Collected data entries:

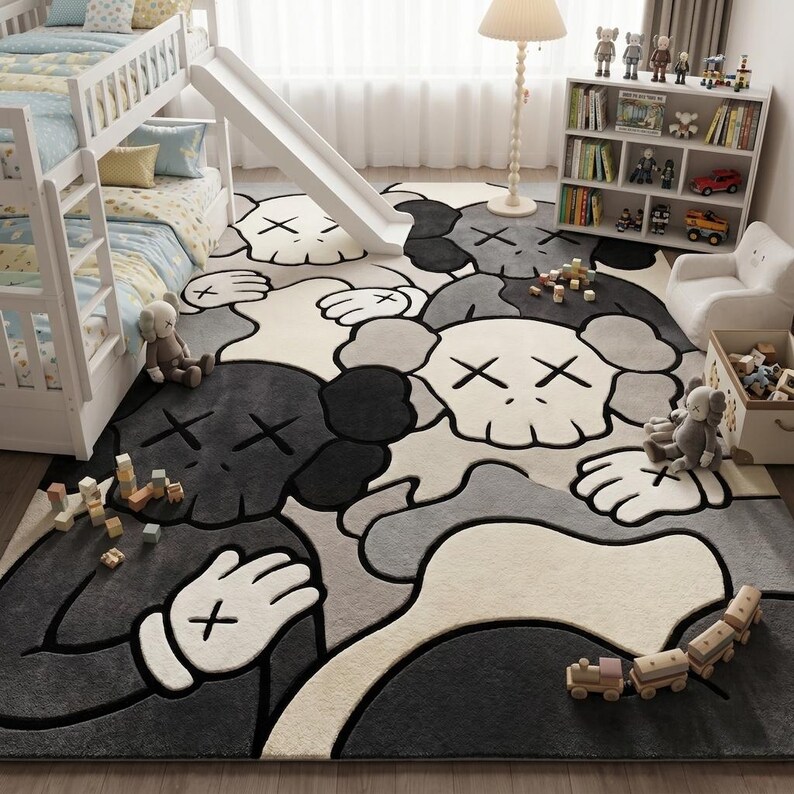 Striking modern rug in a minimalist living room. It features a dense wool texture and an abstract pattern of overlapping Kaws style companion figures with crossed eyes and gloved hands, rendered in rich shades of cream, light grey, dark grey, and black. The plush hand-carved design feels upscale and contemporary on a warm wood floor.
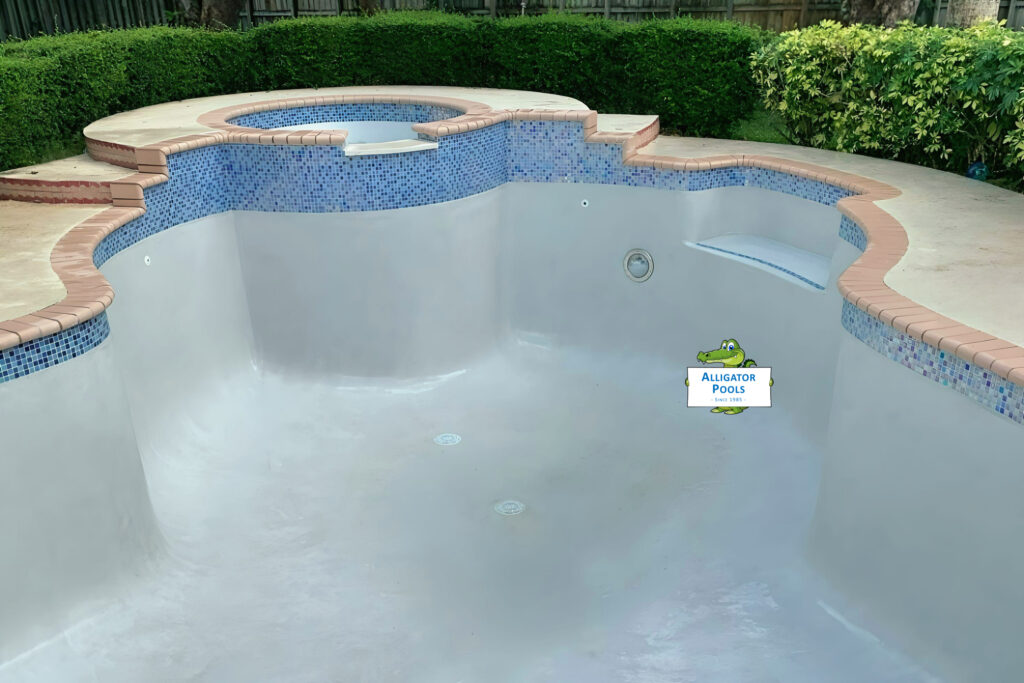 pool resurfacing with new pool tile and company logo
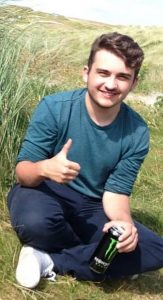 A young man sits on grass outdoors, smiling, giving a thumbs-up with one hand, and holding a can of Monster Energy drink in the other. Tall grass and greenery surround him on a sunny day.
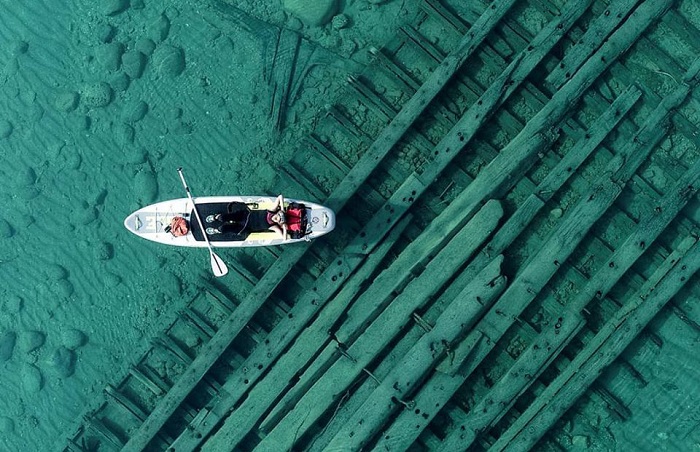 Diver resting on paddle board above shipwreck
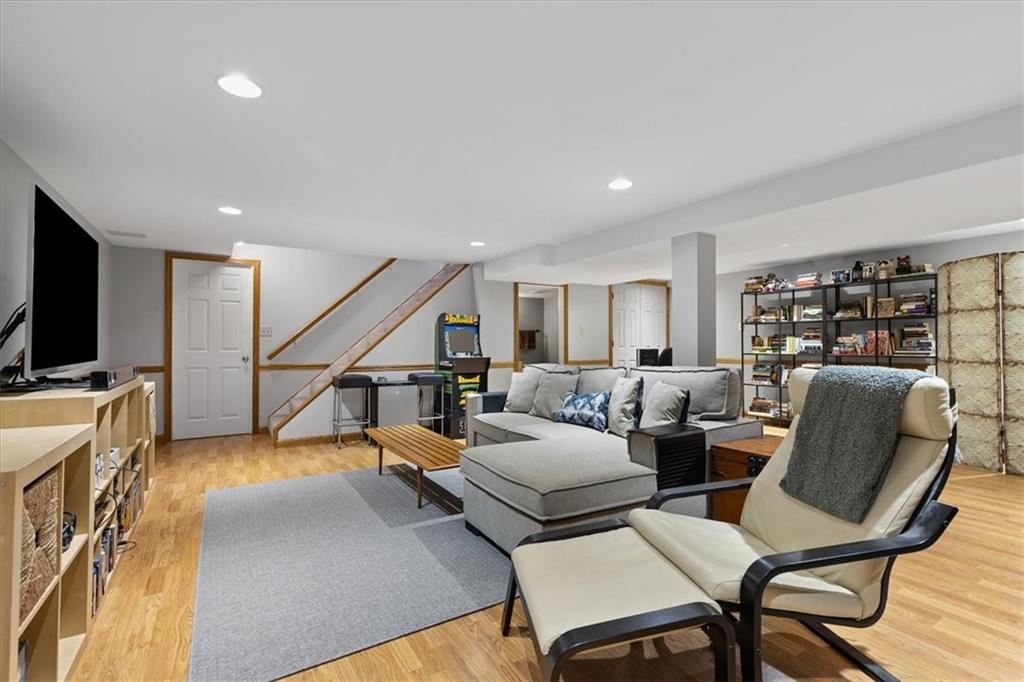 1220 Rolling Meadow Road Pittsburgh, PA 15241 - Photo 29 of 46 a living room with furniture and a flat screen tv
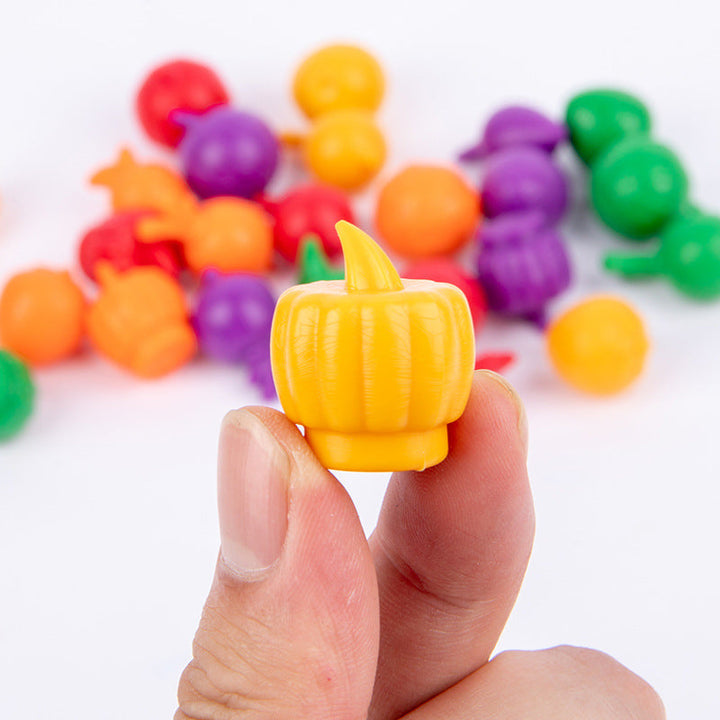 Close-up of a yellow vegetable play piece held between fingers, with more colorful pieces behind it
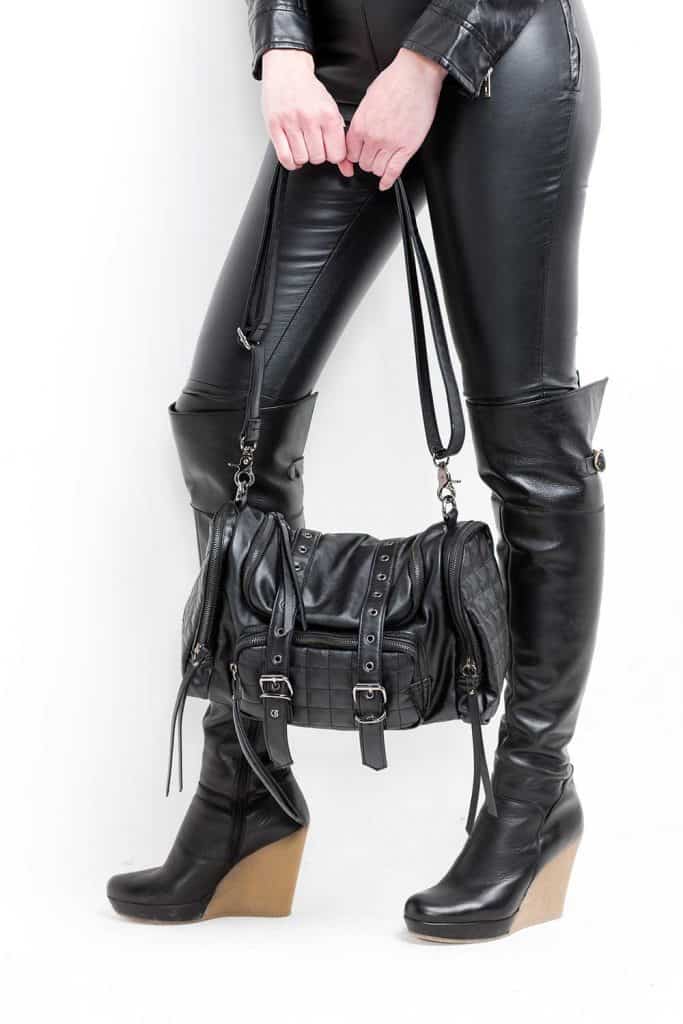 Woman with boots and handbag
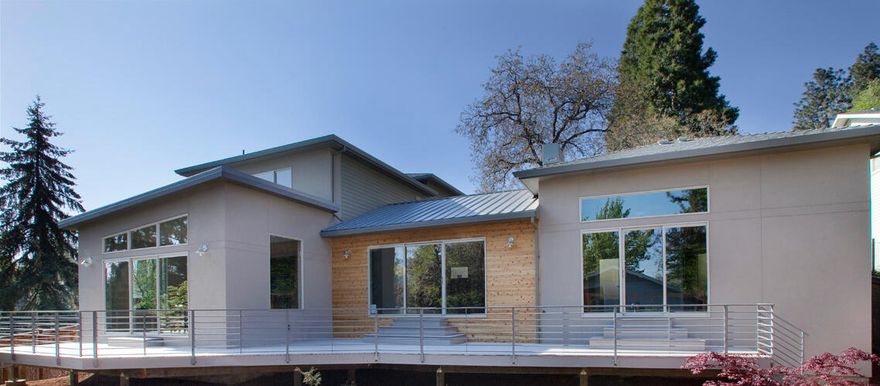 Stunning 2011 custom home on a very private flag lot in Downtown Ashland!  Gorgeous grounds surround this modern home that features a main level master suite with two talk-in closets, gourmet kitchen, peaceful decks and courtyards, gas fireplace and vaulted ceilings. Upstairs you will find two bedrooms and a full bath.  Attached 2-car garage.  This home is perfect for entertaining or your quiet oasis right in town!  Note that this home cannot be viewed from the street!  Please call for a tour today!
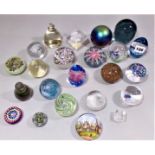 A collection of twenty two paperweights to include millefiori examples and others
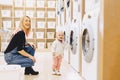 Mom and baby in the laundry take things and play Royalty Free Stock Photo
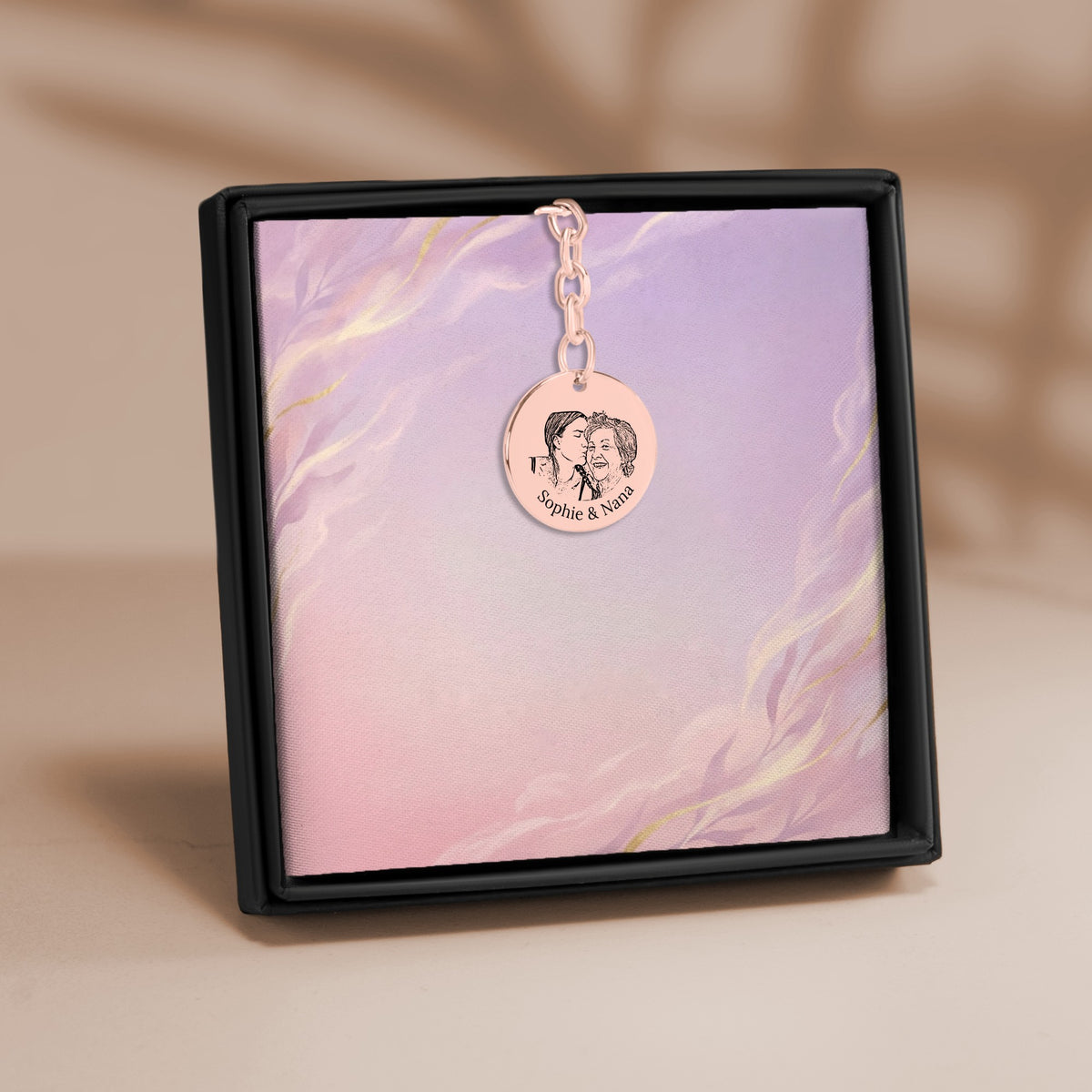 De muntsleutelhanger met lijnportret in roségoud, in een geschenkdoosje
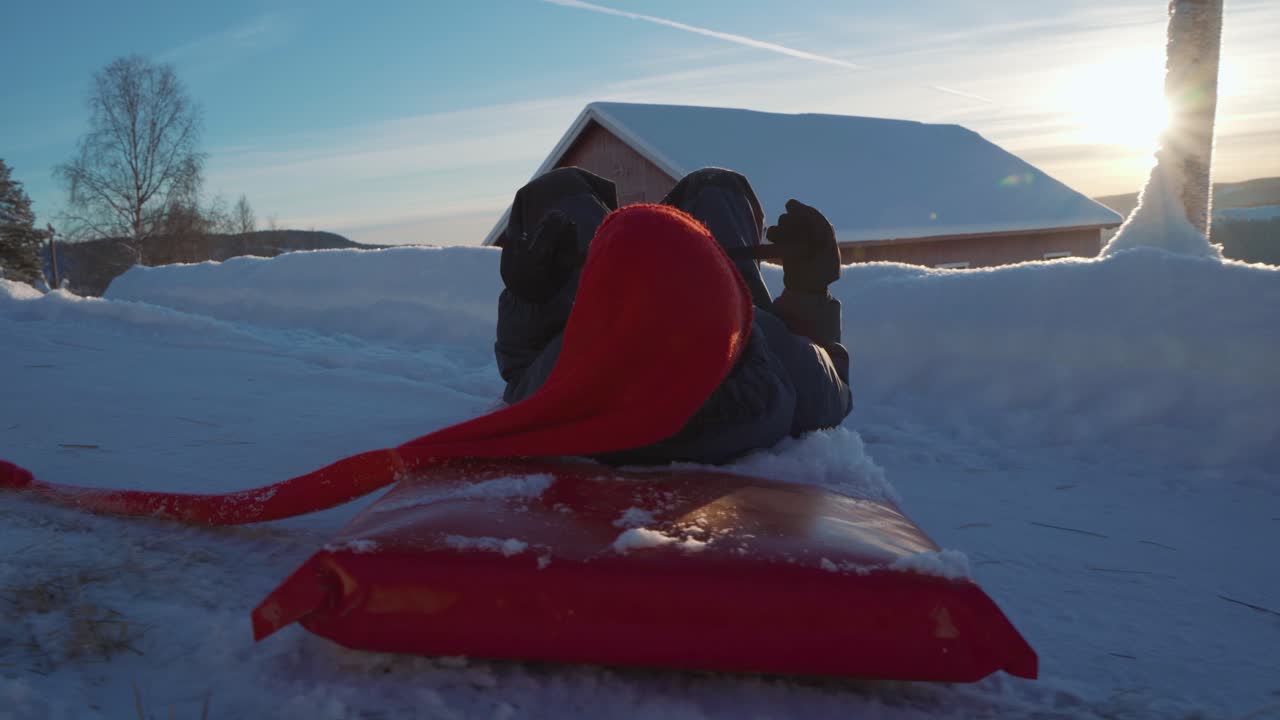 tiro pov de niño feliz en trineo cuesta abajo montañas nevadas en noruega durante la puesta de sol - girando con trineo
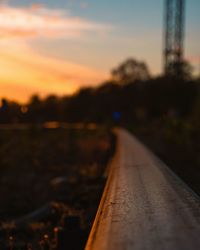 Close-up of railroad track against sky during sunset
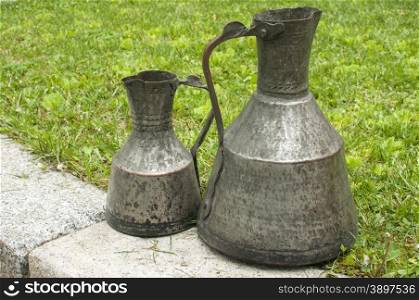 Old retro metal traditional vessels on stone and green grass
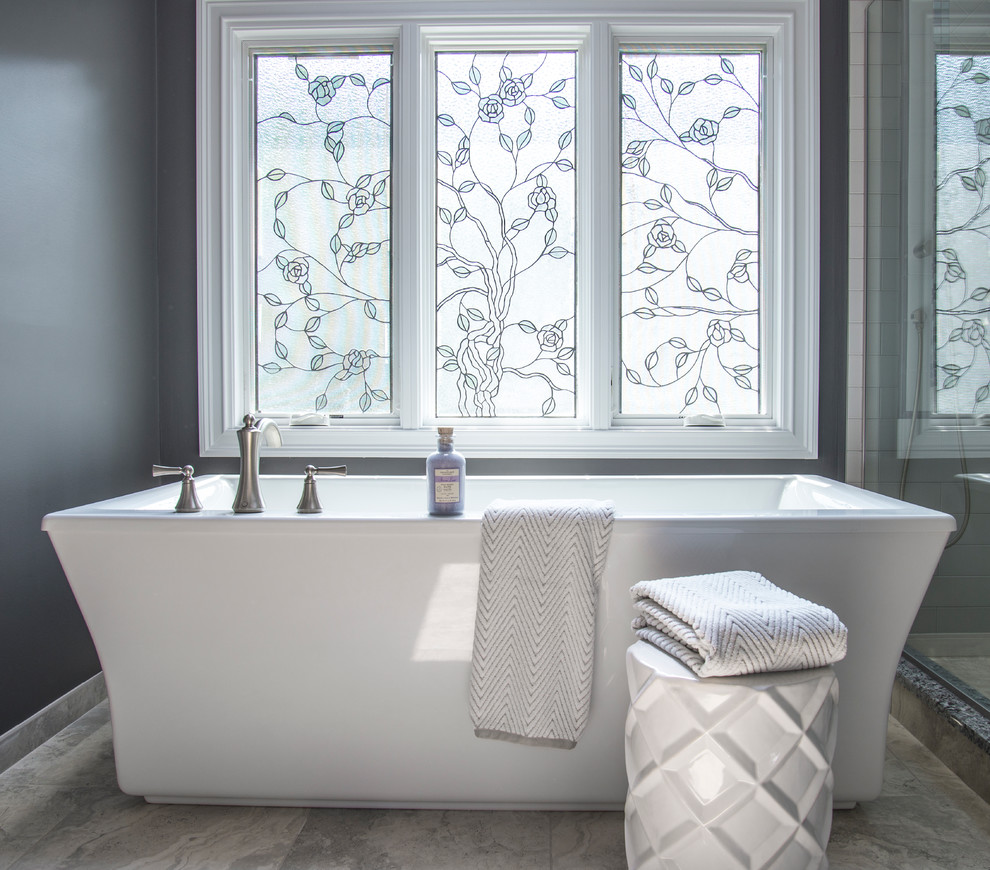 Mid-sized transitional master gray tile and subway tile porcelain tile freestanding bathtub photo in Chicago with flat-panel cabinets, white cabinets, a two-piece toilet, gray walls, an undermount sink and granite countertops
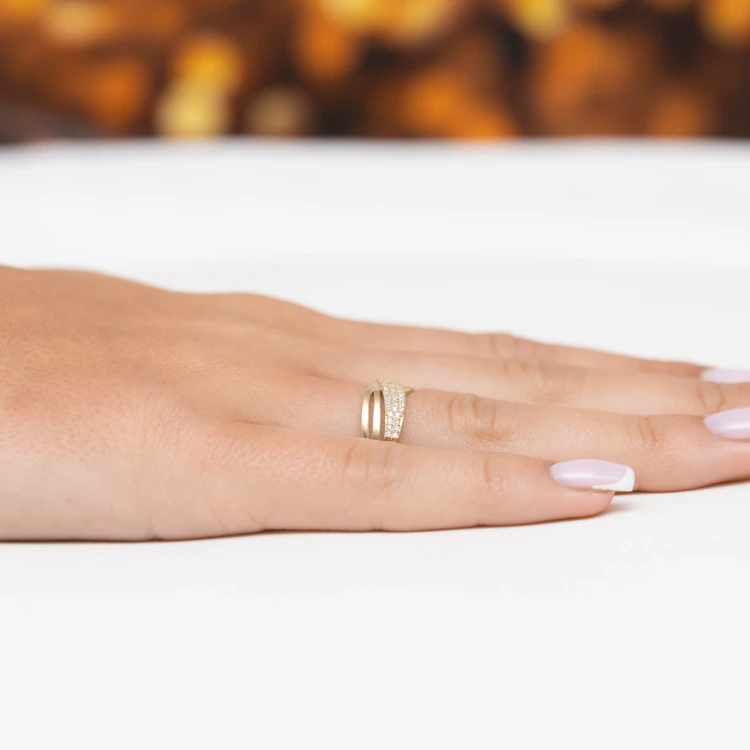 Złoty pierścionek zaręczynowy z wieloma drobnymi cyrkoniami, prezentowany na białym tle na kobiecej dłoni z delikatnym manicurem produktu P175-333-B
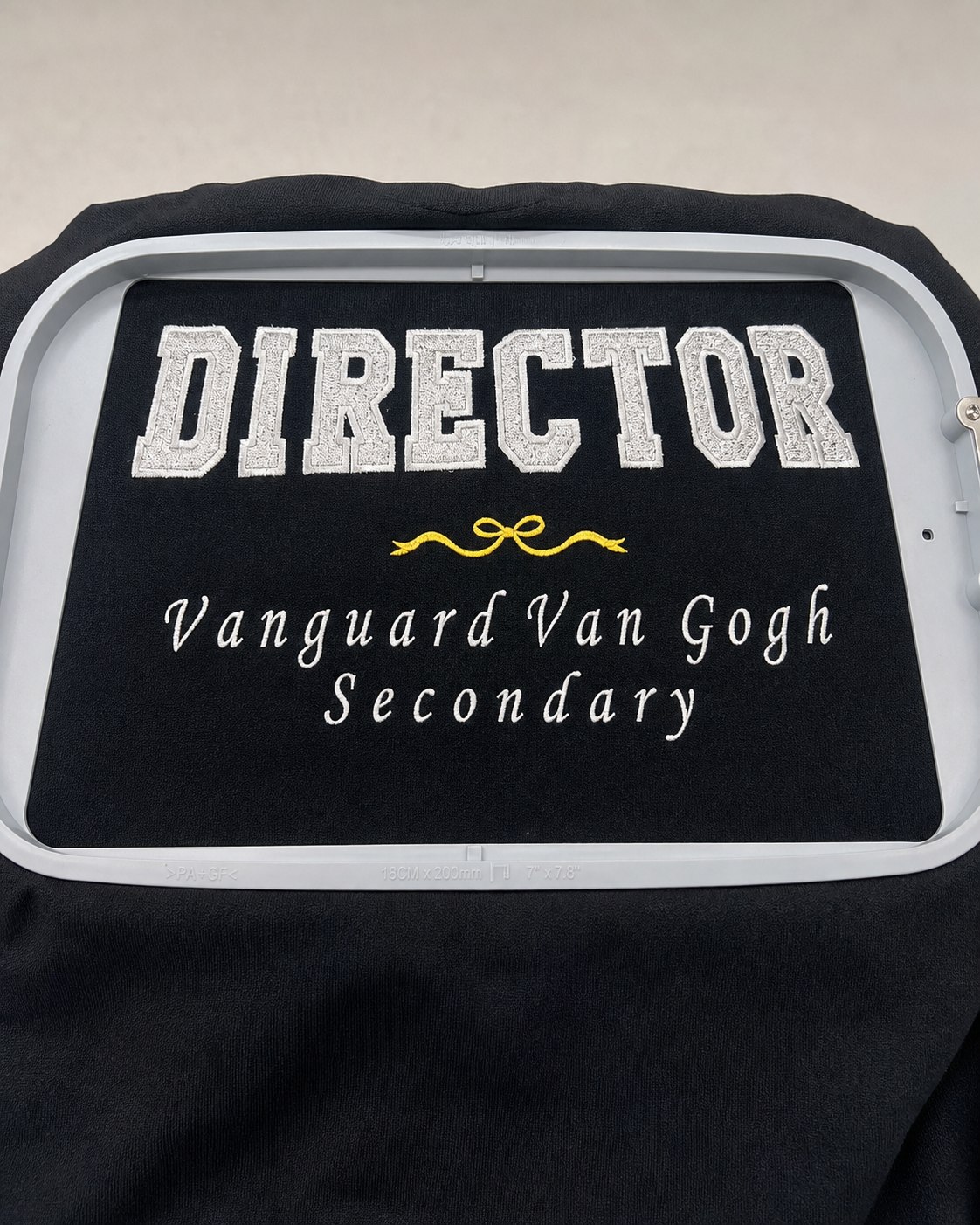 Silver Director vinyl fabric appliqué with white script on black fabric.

__Problem statement__. The answer must be an exact copy of the lines above, from the start of the records through the line with "pool resurfacing with", and of nothing else; no pictures belong in it.

__Result of this exercise__.
 Striking modern rug in a minimalist living room. It features a dense wool texture and an abstract pattern of overlapping Kaws style companion figures with crossed eyes and gloved hands, rendered in rich shades of cream, light grey, dark grey, and black. The plush hand-carved design feels upscale and contemporary on a warm wood floor.
 pool resurfacing with new pool tile and company logo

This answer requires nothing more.